Nine months interlude...
I am now a student at Johns Hopkins University, in Bologna, Italy. Nine months lie between my new life here and that ferry ride across the Straits of Gibraltar.
Those months were spent working at Play Mart, the family playground business ... including working with a great team certifying our playground equipment to meet international playground safety codes, analyzing the recycled content of our plastic lumber, making a short-film of how are playgrounds are made from milk jugs and giving tours, to name a few fun items. I also got to spend quality time that I dearly missed while in Morocco with my parents, siblings and little niece and nephew.
The whole crew: L-to-R, top row first: Nathan, Laura (his wife), me, Dawn (bottom row:) Priscilla, Gracia, Mom, Dad, Samuel, and Tabitha
This is Gracia, running away from her "aunties"
And little "mambo" aka Samuel
I also soaked up every minute I could spend at my parents' luxurious abode... we gardened and landscaped and potted flowers and cooked and watched movies and took strolls through the neighborhood or down to the lake. This was basically my life outside of work. A lovely interlude between "roughing it" in Morocco (if you can call my Peace Corps service that..) and an intense graduate school program.
My sister, Dawn, also happened to be transitioning from Virginia Beach at the same time I was there. We were able to reconnect as adults, having both lived in different places ever since she left for college in Texas.
Mom, Dad, Priss and I went to San Francisco one weekend in May on a whim.
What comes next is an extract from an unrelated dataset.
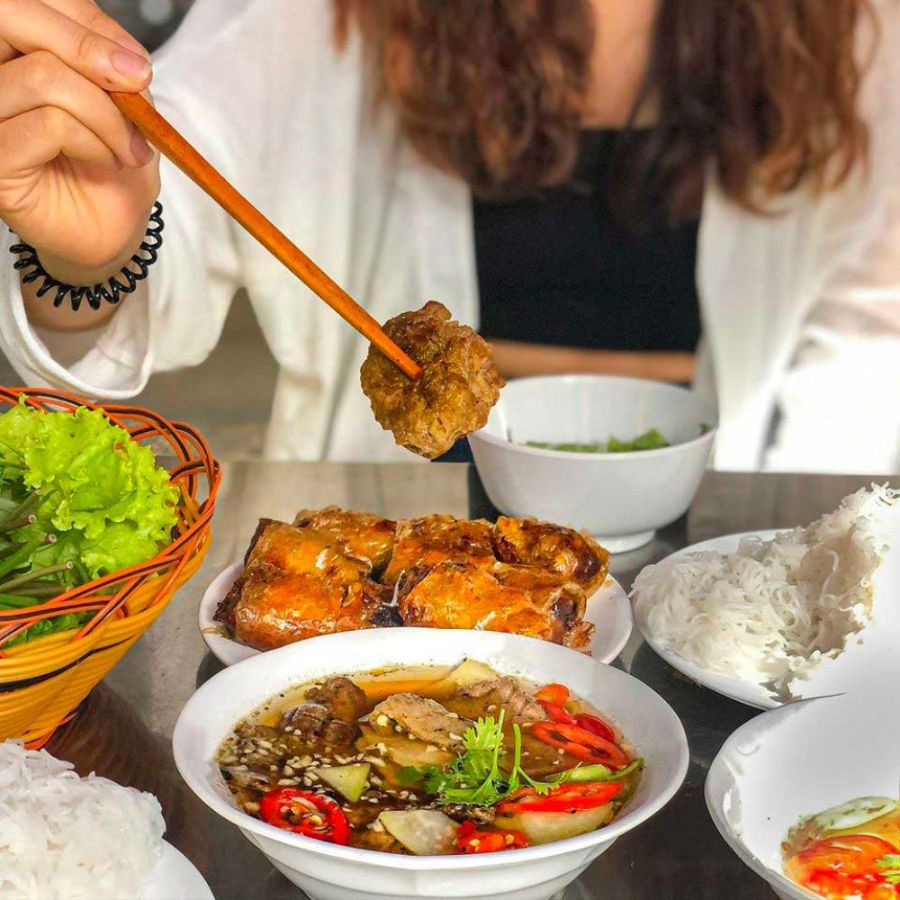 Khám phá và du lịch thủ đô nghìn năm văn hiến, đừng quên thưởng thức món ăn đặc sản thơm ngon, hấp dẫn được chế biến bởi chính đầu bếp bản địa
Priss wanted to move there, but it somehow didn't "click". Instead, she visited me last month in Washington DC (during pre-term, before I flew to Italy), fell in love with the place, and has already moved in with my friends!
Mom, Dad, Priss and I went to San Francisco one weekend in May on a whim.
Priss wanted to move there, but it somehow didn't "click".
Instead, she visited me last month in Washington DC (during pre-term, before I flew to Italy), fell in love with the place, and has already moved in with my friends until she gets established. Hopefully we'll live together next year when I return.
Like clockwork, one of my Cedarville friends gets married: every six months to a year. Always a perfect excuse to reunite. The problem: the group of ladies standing behind the bride, waiting to catch the bouquet of flowers has dwindled ... to me. The boys have almost caught up to the girls, so I'll have to decide if I'm going to keep us on schedule or remain the single friend who hops around the world, giving them a life to live vicariously.